Haystack Release 0.1 Devblog
To find a needle in a haystack.
Do you have valid and broken links that need to be fixed? Haystack will find those links and report them back to you! Under the instructions of my first Open Source assignment I have set out to develop a program to do such a thing.
When I first read the requirements of the assignment I was delighted to know that we were given a lot of freedom to go about this task however we saw fit. Though, when I actually started thinking about it… the freedom was a lot to handle. What language do I use? C++, Java, something that I have experience in? What libraries? How do I even check if a link has gone bad? In the end I went with Python, as a way to challenge myself and also because it interested me for a long time now.
I broke down the task into three main parts: reading from the file, parsing the file and finding URLs, and lastly validating those links. To read from the file we need to first specify a file for the program to open. This is done via the command line arguments which we can use through sys.argv which is imported from the sys library.
From there you simply pass the file name that we got from sys.argv and call open that file via codecs.open which comes from the codecs library.
This part was smooth sailing as it is very similar to the other object-oriented programming languages I know. Furthermore, Python syntax is intuitive and easy to understand so transferring those OOP skills over was not an issue. Next up, parsing the file and extracting URLs. Parsing the file was easier than I thought — regex was used to find URLs and was done using the re library.
Once I’ve obtained my list of URLs I passed it through my link validator. The method that checks and prints the status code of the links uses the requests library. There are three main results, either the link is valid (code 200), broken (code 400 or 404), or unknown.

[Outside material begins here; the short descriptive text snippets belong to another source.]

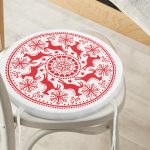 - RealHomes Yuvarlak Fermuarlı Minder - Realhomes  Geometrik Yılbaşı Geyikleri Dijital Baskılı Yuvarlak Fermuarlı Sandalye Minderi Realhomes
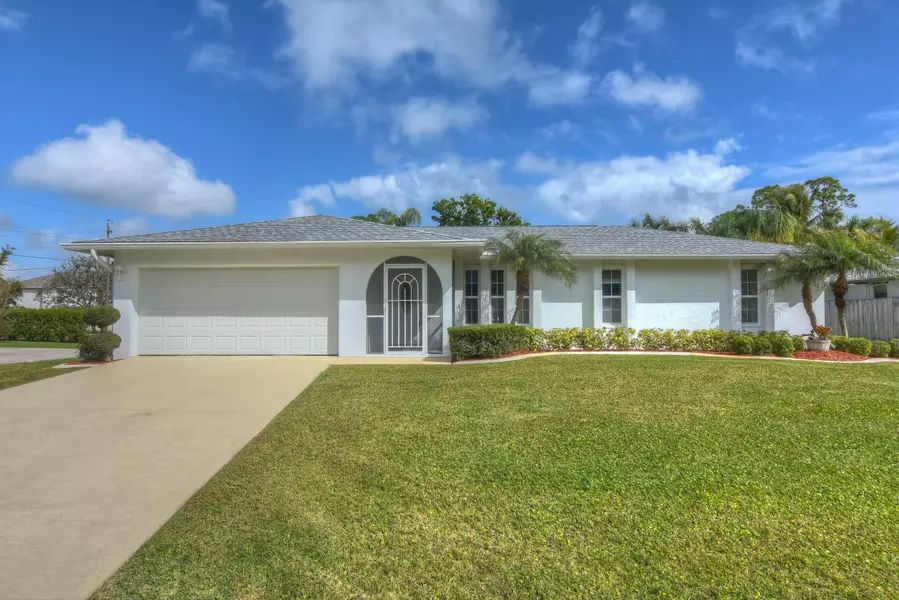 801 SE Starflower AVE, Port Saint Lucie, FL 34983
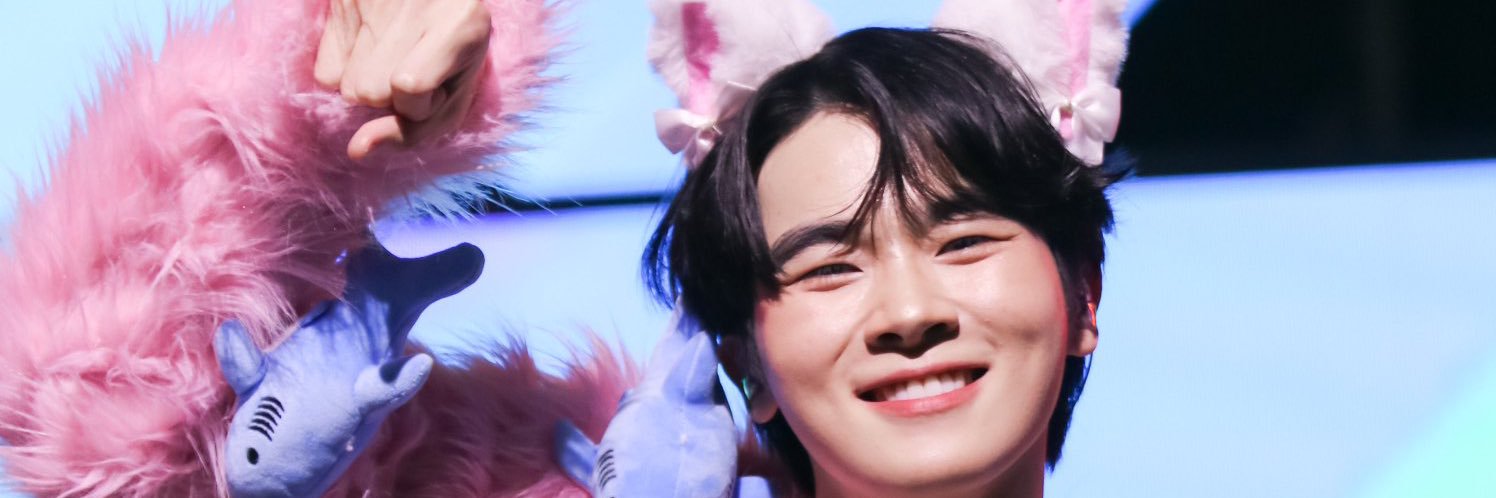 ammnimu's profile banner image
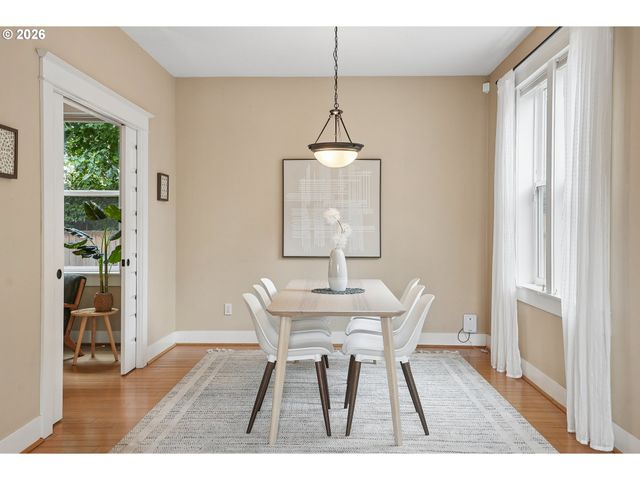 3262 Ne ROSA PARKS Way, Portland, OR 97211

Lastly, I added optional (but in my opinion very important) features such as error handling and help/usage prompts. When all was said and done, I think what I can say with 100% certainty is that the internet is your friend. Anytime I was unsure what to do or how to go about implementing something I simply did a quick Google search to see what options and libraries I had available. I’ve come to learn that there is no shame in asking for help, especially from others in the Open Source community.
I am happy with the results so far, I still have to share the finished product to the Open Source community to be checked for any bugs that I may have missed but other than that I think it is a refined tool that will be useful to me in the future.